The 12 tracks, 50 minutes The Rockfords is all rock. It features McCready’s nimble, imaginative licks and solos. It features Akre’s warmth as a vocalist, crisp guitar riffs and songs from Newcomb and unwavering beats from the Friel brothers (Chris on drums, Rick on bass). Standout tracks include the breathtaking “Adelaide”, the acoustic “Distress” and the heartfelt “Silver Lining”. McCready says he hopes the album can be released on vinyl soon (although there are backups left thanks to artists like Adele). Maybe a Seattle exit show or a little tour too. But, of course, with the pandemic, all of that is also on hold. But no matter what, the group is happy to get things going again.
“We’re always texting each other,” says McCready. “I’m really happy that we’re actually talking about it. I think it was a cool record and it didn’t get a lot of attention. It was a fun record to make and I love the songs.

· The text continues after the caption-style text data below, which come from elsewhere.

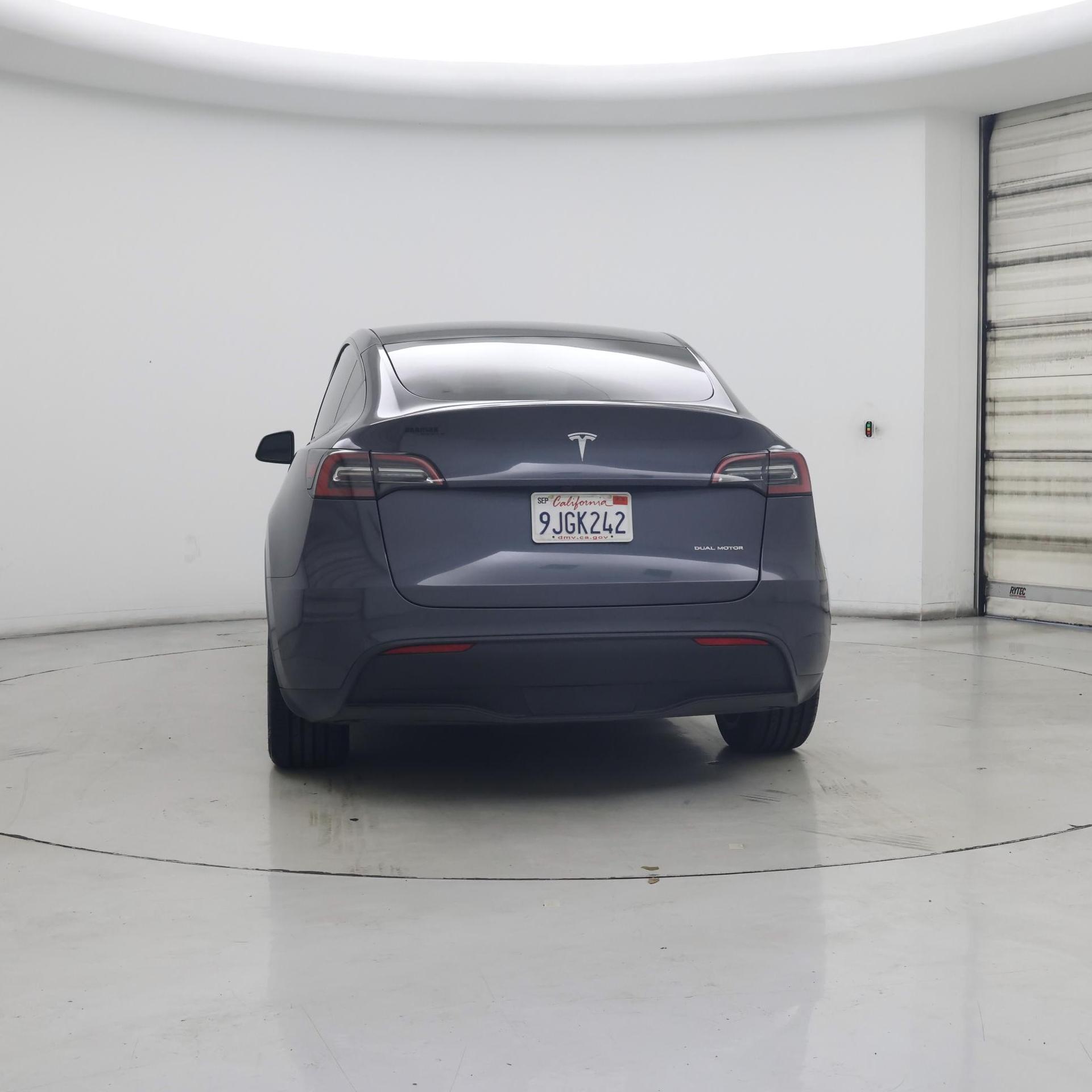 Thumbnail: 2023 Tesla Model Y - 6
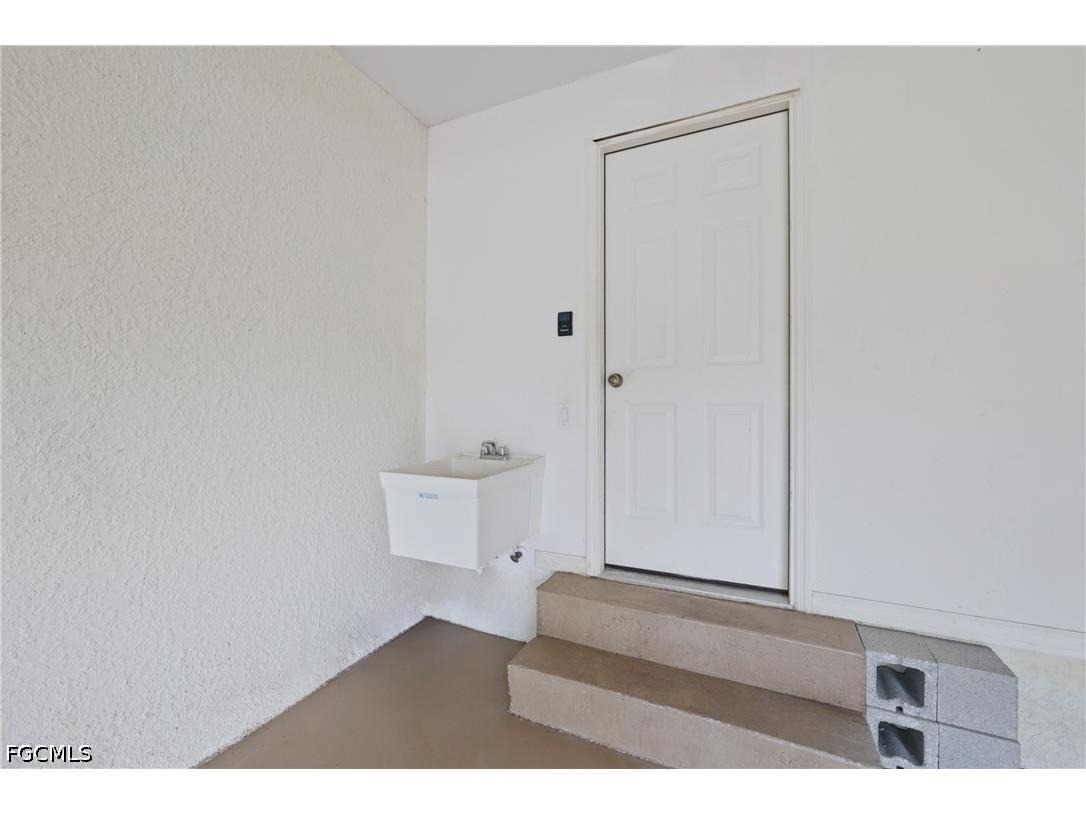 13988 Village Creek Drive Fort Myers FL 33908 2026023555 image31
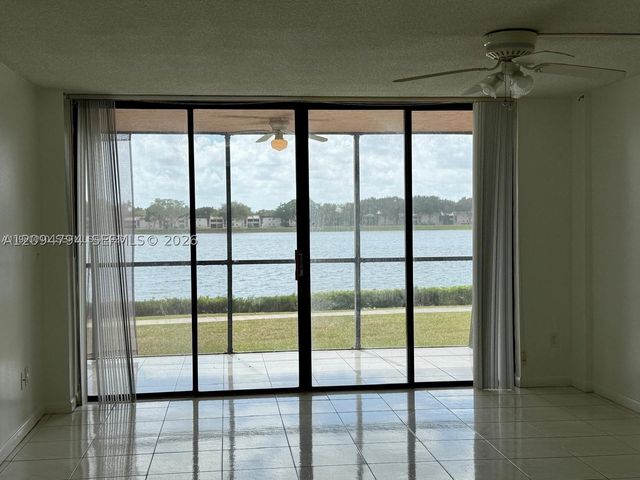 20850 San Simeon Way 105-5, Miami, FL 33179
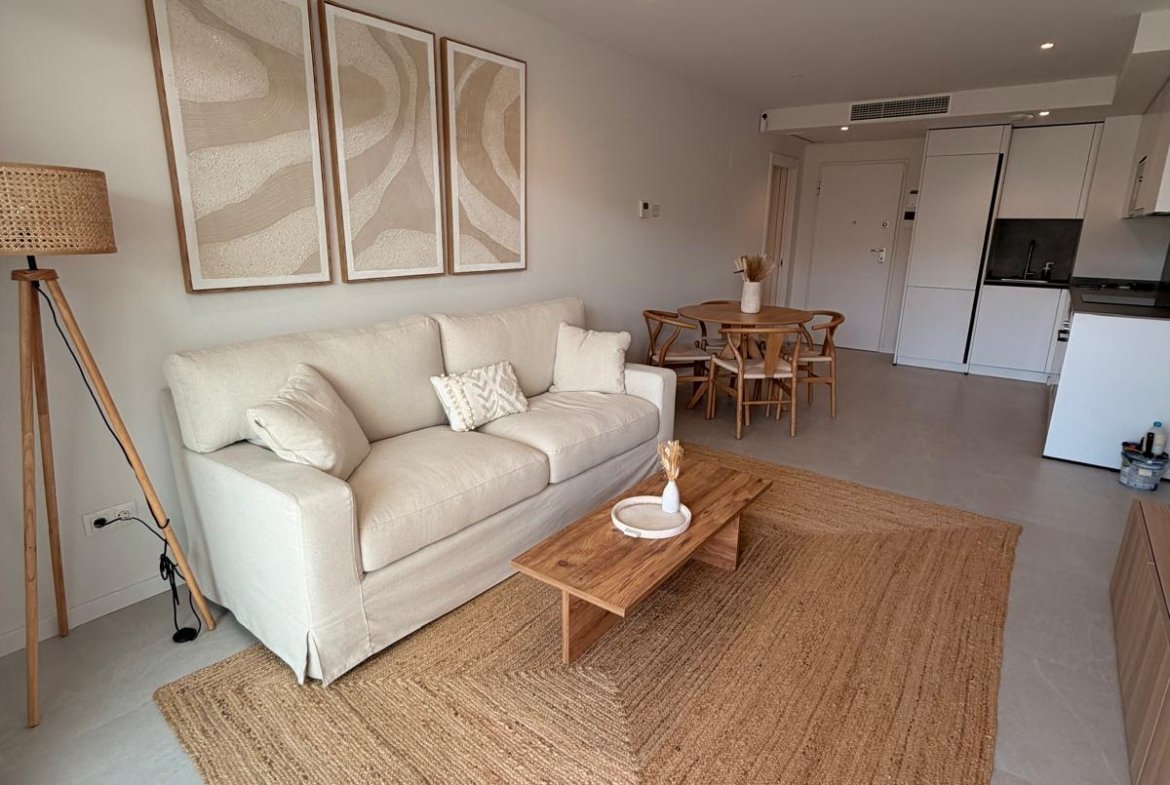 Luxury 2-Bedroom Apartment in Playa d’en Bossa for Summer Rent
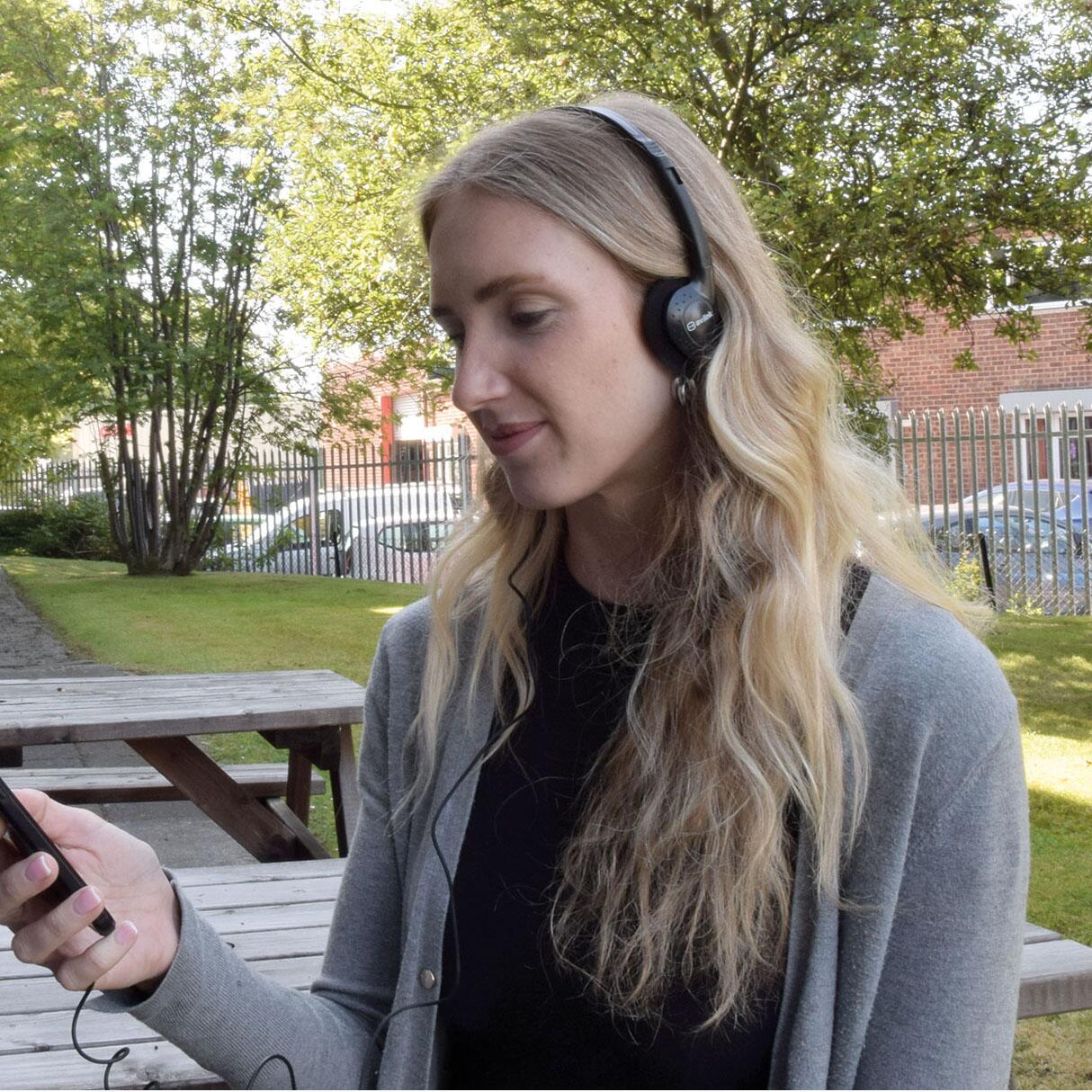 AV:Link SH30 Lightweight Stereo Headphones. - 100.439UK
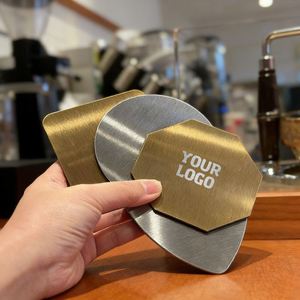 Sous-verres en acier inoxydable métallique isolants thermiquement, avec logo et texte gravés sur mesure, pour bar et restaurant - Product Image 1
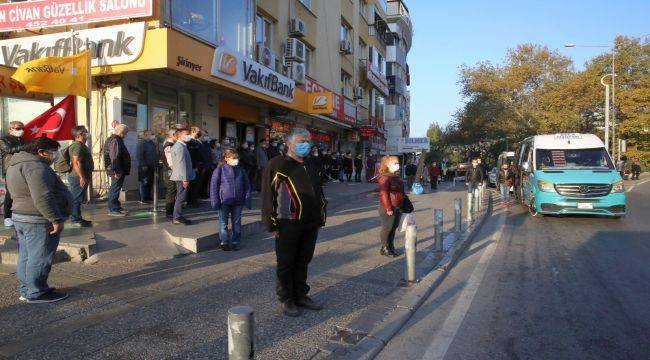 Buca'da Ata'ya saygı günü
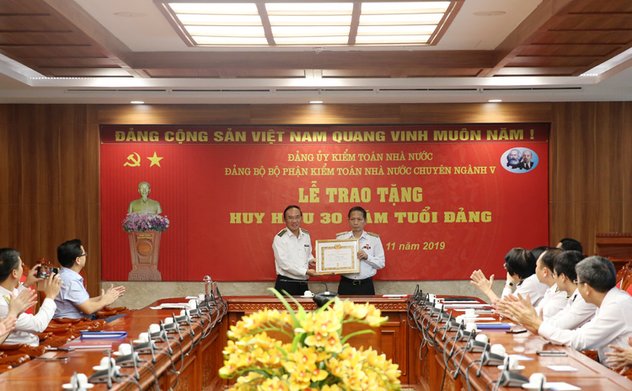 Trao Huy hiệu 30 năm tuổi đảng cho đồng chí Lê Huy Trọng – Bí thư Đảng bộ bộ phận KTNN chuyên ngành V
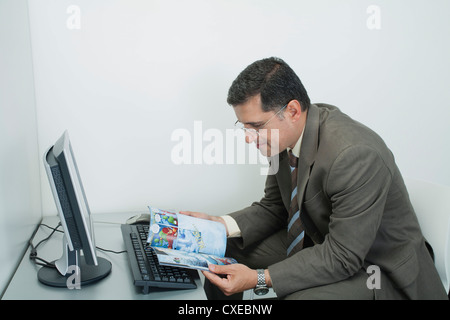 Reifer Mann Comic Buch im Großraumbüro Stockfoto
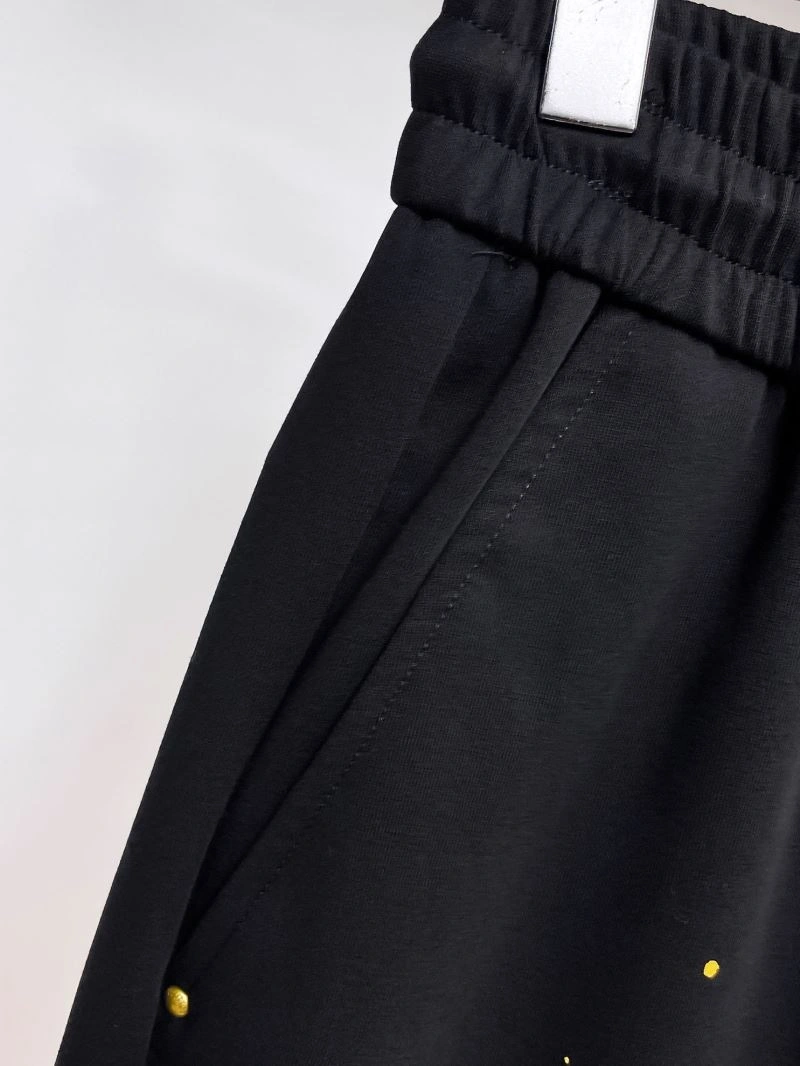 Sporty Louis Vuitton Short Pants 132704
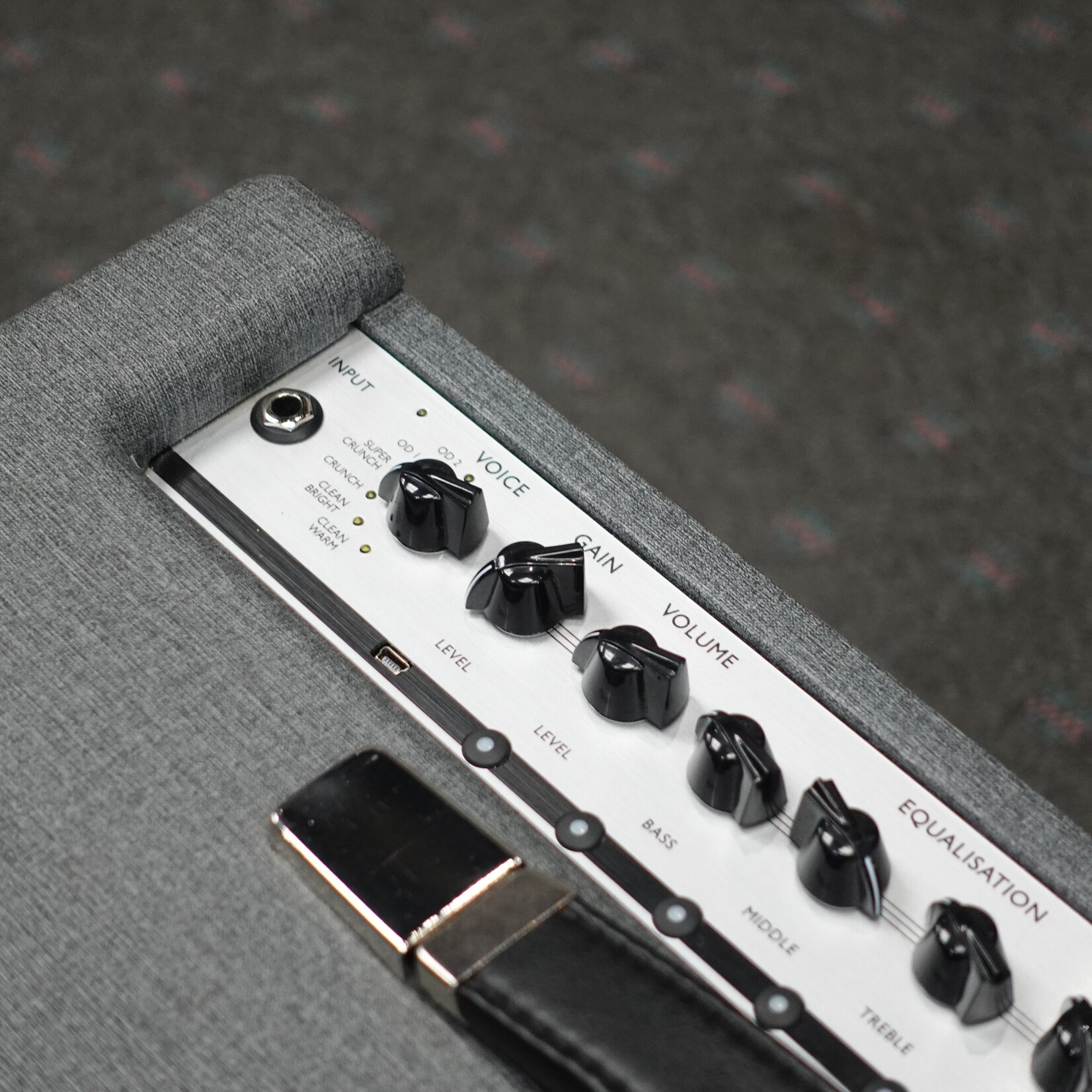 Blackstar Silverline Deluxe 100W Guitar Combo Amp - Silver (Used)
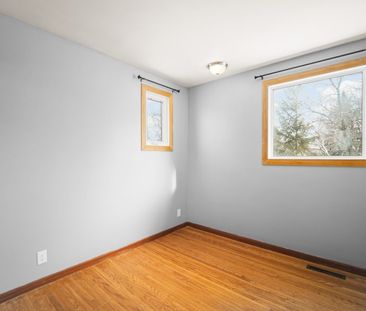 963 Centennial - Photo 5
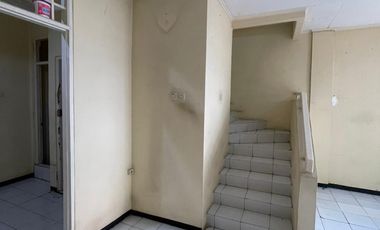 DISEWAKAN CEPAT BARU RENOVASI RUMAH TAMAN PALEM LESTARI 2 LANTAI, JAKARTA BARAT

The band’s debut album was originally released on CD via Epic Records. There’s been some push, but not a ton, but now, says McCready, it’s time. And while he’s certainly a big name, he’s not the only Hall of Famer. Heart guitarist Nancy Wilson makes a guest appearance playing and writing parts for the track “Riverwide”, and adding some background vocals on the LP. When the band was recording the LP, McCready says, Wilson was in Seattle and he invited her to play.
“Nancy being the wonderful, murderous woman that she is, she said she would,” McCready said. “I LOVE her. She’s one of the best rhythm guitar players out there and she doesn’t get the credit she should.
While the record is 22 years old, the process of putting it back into the world is brand new – two days ago. As such, what might happen next is still being considered. Either way, for McCready, all that’s happening now is gravy. Because what he always liked most about The Rockfords and the albums they released (indeed, there is the self-titled debut album and also a live album and an EP released for the members of the “Ten Club” by Pearl Jam – the status of these potential re-releases are still being considered as well) is the camaraderie and friendships that make up the five-piece band.
“Friendship comes out in the music,” says McCready. “The joy of all of us loving music comes out of this record.”